What's interesting about this is that there are actually three states: unfilled out, approved, and not yet approved. The unfilled out or blank means I haven’t done anything yet.

Styling your checkboxes

Adding ratings

You don't necessarily have to use text for dropdown menus. You can make use of ratings. I'll show you a couple of cool ways to do this.

Let’s right click on the cell, click “View more cell actions”, Data Validation, and make the changes inside “List of items.”

We can add one star or two stars or more.

What's one more interesting thing we can do here? We have three stars, but it’s not super easy to tell the difference. When we're using Google Sheets, a lot of the information is going to blur together if it looks all the same.

Let’s make use of the black square together with the stars. We want the biggest one possible. It’s going to look like a blank right beside the stars.

We can always change the font size. I always like rating to be pretty darn big. Let's go with 20. That looks awesome!

We can see very clearly the difference between five stars and one star.

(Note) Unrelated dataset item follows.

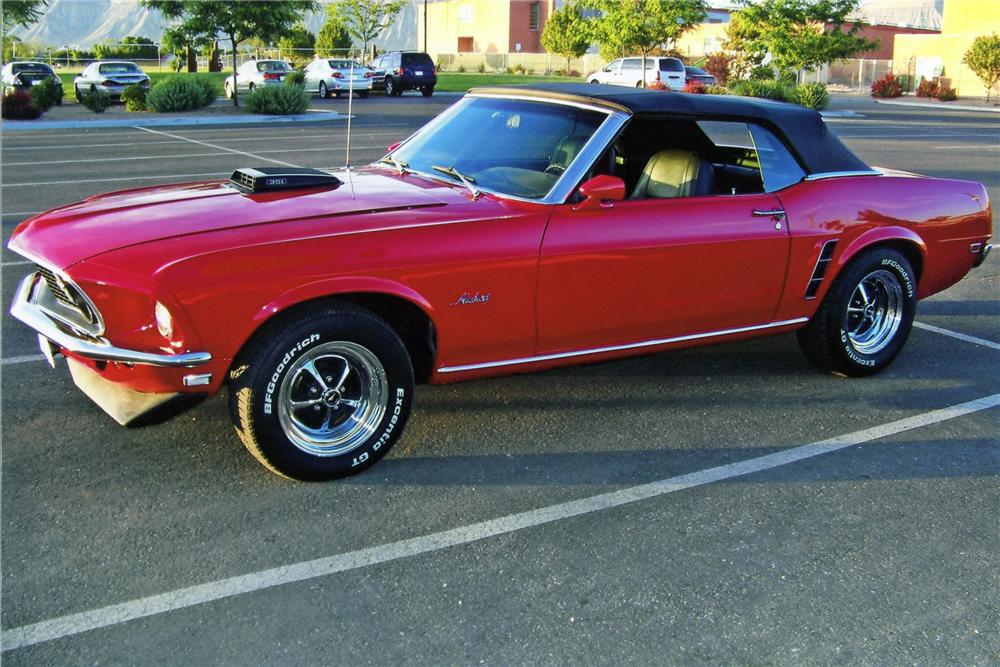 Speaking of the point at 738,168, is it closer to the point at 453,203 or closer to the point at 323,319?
the point at 453,203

Much easier than seeing blanks, especially on this white background.

Make your checkboxes better with colors

All right. Let's go back to these checkboxes and try to make them a little bit better than a sea of black and white.

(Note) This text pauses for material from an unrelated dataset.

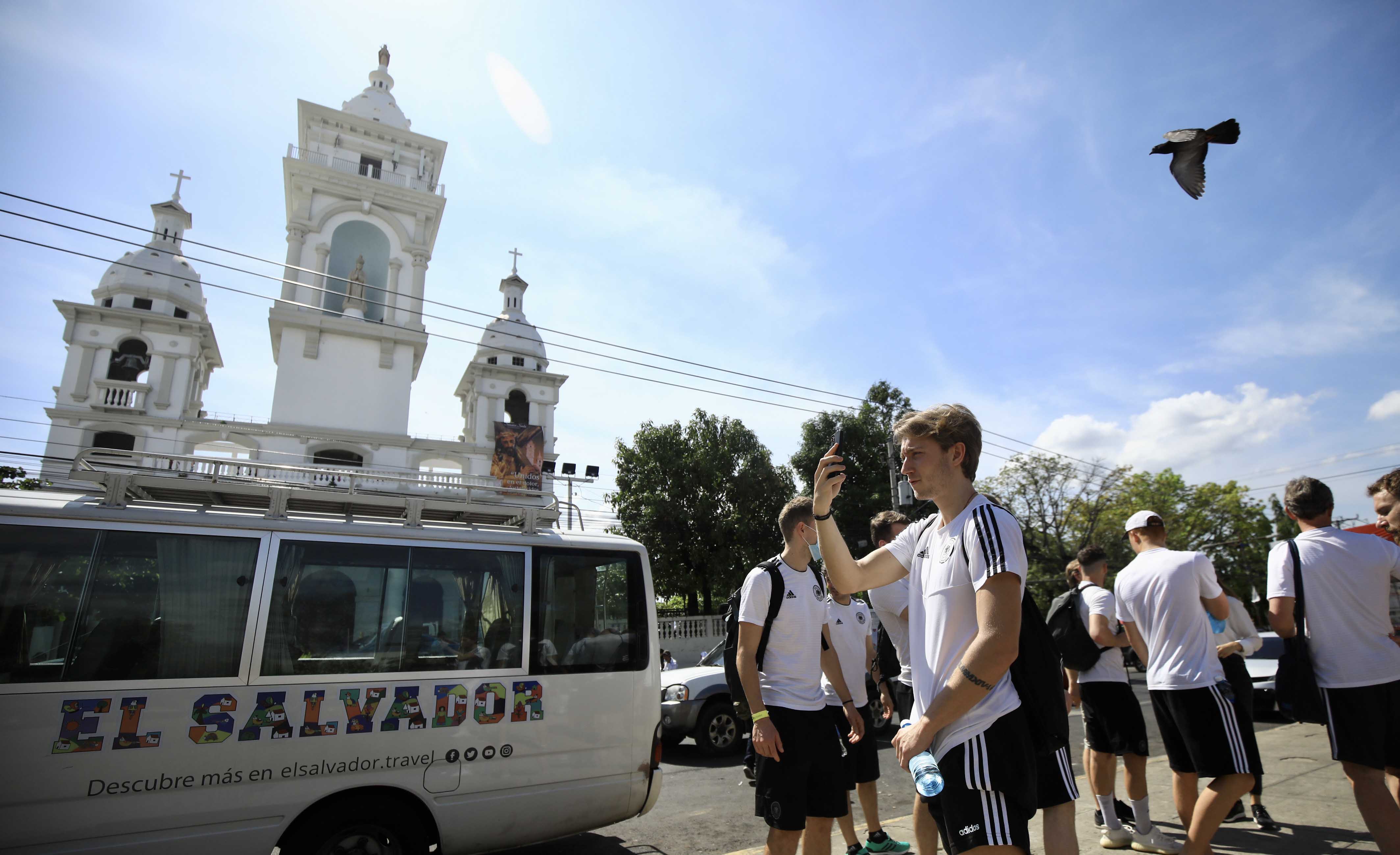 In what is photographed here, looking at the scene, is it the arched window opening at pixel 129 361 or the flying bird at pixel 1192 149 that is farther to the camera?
the arched window opening at pixel 129 361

First off, we can change the color. That's always cool. We can change the color of the green. We have nice green ones.

We can also change the background. That looks so sweet, right? Very different. Sometimes, you want different.

I'm going to just insert two more rows, two more columns, and you can see what they look like with this alternate style. That's what I like to do when I have a sea of the same thing over and over again.

We can also change the size. Maybe one of these is more important than the other one and we want them to be a little bigger.

That is great. That makes a huge difference.

I hope you liked this tutorial and have gotten something out of it. I hope you have a better sheet after reading this. Don't make sheets. Make Better Sheets.